First create a folder, usually in the root directory, the code is as follows
sudo mkdir /home/lzc/ftproot
After creating it, remember to modify the permissions of the file. Here I will change it to the highest permissions. The command is as follows
sudo chmod 777 /home/lzc/ftproot
By the way, let’s talk about the meaning of 777
The permissions of the three objects configured in 777 are owner, group, and other.
owner: The first one indicates the owner’s permissions group: The second digit indicates the permissions of users in the same group other: The third digit indicates public user permissions
Each number consists of three binary digits, in orderr,w,x
r (read): can read the actual content of this file, such as reading the text content of a text file, etc. w (write): You can edit, add or modify the content of the file (but not delete the file) x (execute): The file has permission to be executed by the system For example, 7 means r + w + x, which means it has read, write, and executable permissions. 3 means w + x, which has writable and executable permissions, and so on
The second step is to add the FTP user uftp, specify the user’s home directory and the shell used
# The `-d` option specifies the user's home directory, which is the default directory where the user logs in. In this example, `-d /home/uftp` specifies that the `uftp` user's home directory is `/home/uftp`. # The `-s` option specifies the user's default shell. Shell is a command line interpreter that allows users to interact with the operating system. In this example, `-s /bin/bash` specifies that the default shell for the `uftp` user is Bash. sudo useradd -d /home/lzc/ftproot -s /bin/bash ftproot
It should be noted here that the address of the folder must be correct, otherwise an error will be reported when using file zilla to transfer files. I made this simple mistake here and did not find it. I tortured my family all afternoon. Who knows?

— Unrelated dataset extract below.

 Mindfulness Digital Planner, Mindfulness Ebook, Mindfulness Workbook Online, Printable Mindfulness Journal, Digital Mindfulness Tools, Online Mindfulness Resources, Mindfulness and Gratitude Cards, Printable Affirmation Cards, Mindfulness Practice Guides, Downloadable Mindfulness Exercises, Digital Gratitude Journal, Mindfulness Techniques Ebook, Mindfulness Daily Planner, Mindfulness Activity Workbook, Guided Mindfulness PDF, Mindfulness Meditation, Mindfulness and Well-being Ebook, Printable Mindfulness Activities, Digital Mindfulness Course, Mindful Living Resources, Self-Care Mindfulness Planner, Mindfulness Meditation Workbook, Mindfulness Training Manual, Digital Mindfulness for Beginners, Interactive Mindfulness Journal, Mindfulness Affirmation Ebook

500 OOPS:cannot read user list file
Step 3: Set password
sudo passwd uftp
4. Add vsftpd.chroot_list
Edit the /etc/vsftpd.chroot_list file, which is used to store addresses that allow ftp access. It is easy to see from the name that this is a linked list.
Enter the following command
sudo vim /etc/vsftpd.chroot_list
Add the name of the folder you just created. Here I created ftproot
You can also add as many as you like
5. Restart the ftp service
Use the command to restart the ftp service
sudo service vsftpd restart
6. File Zilla connection
Open File Zilla, enter the IP address of ubuntu, the user name is the name of the file created under ubuntu, the password is the password you just set when you created it, and the port number defaults to 21. That’s it.
Summary
This is not the first time I have configured it, but there are still low-level errors, and I have been tortured. I am still saying that, my family, who understands! ! ! Dear students, you should be more careful so as not to waste a lot of unnecessary time.
Reference link: Building an FTP server on Ubuntu system_ubuntu ftp_QiD Brain’s Blog-CSDN Blog
I would like to thank the author here, with some citations.